Q: What kinds of getDeclaredXXX are available?

A: Five:

Note the Annotation

The inner class Classed

Construcotor

Field in the Field,

Method

Q: What methods does getMethods() return, and getDeclaredMethods() return?

A:

GetMethods () returns public methods of this class, parent class, and parent interface

GetDeclaredMethods () returns only all methods of this class

The difference between getXXX and getDeclaredXXX is similar.

Filed, Method, Constructor

  • Method can invoke (Object, args)

  • The Constructor can be newInstance (Object)… To make a construct call.

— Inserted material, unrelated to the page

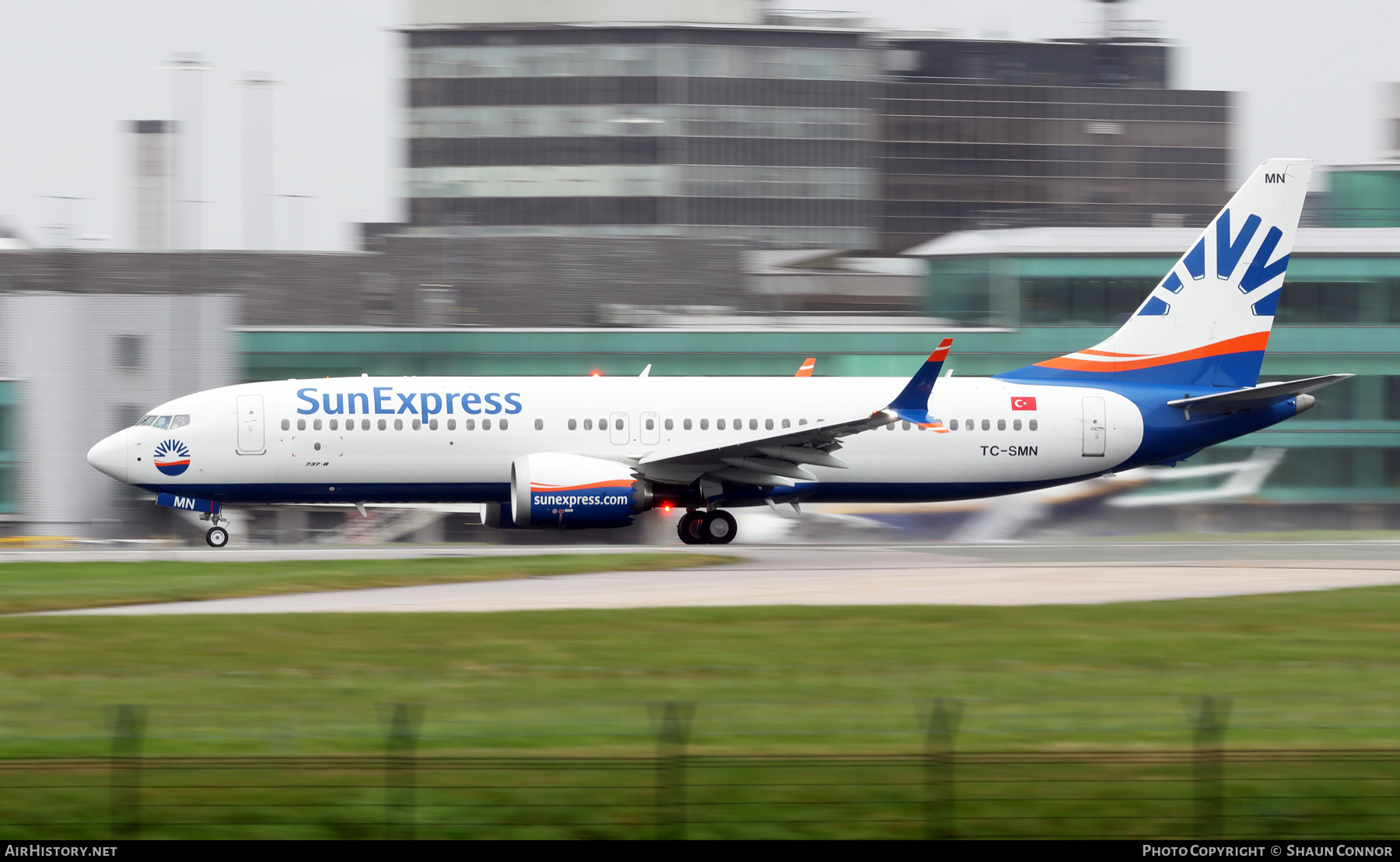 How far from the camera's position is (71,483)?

  • Filed can use GET (object) and set(object) to set the property value.

Q: When reflection gets a Method object, what does that.getModifiers() do?

A: Returns the modifier of the method and is an integer.

Q: What happens to the following code?

package com.huawei.testpublic class A { public A(int i ) { System.out.printf("i=" +i); } public static void main(String[] args) { try { A a = (A)Class.forName("com.huawei.test.A").newInstance(); } catch (ClassNotFoundException e) { System.out.printf("ClassNotFoundException"); } catch (InstantiationException e) { System.out.printf("InstantiationException"); } catch (IllegalAccessException e) { System.out.printf("IllegalAccessException"); }}}Copy the code

A:

Print InstantiationException initialization error.

Since A has no default constructor, it cannot be constructed using newInstance.

Instead, construct by getting the correct constructor.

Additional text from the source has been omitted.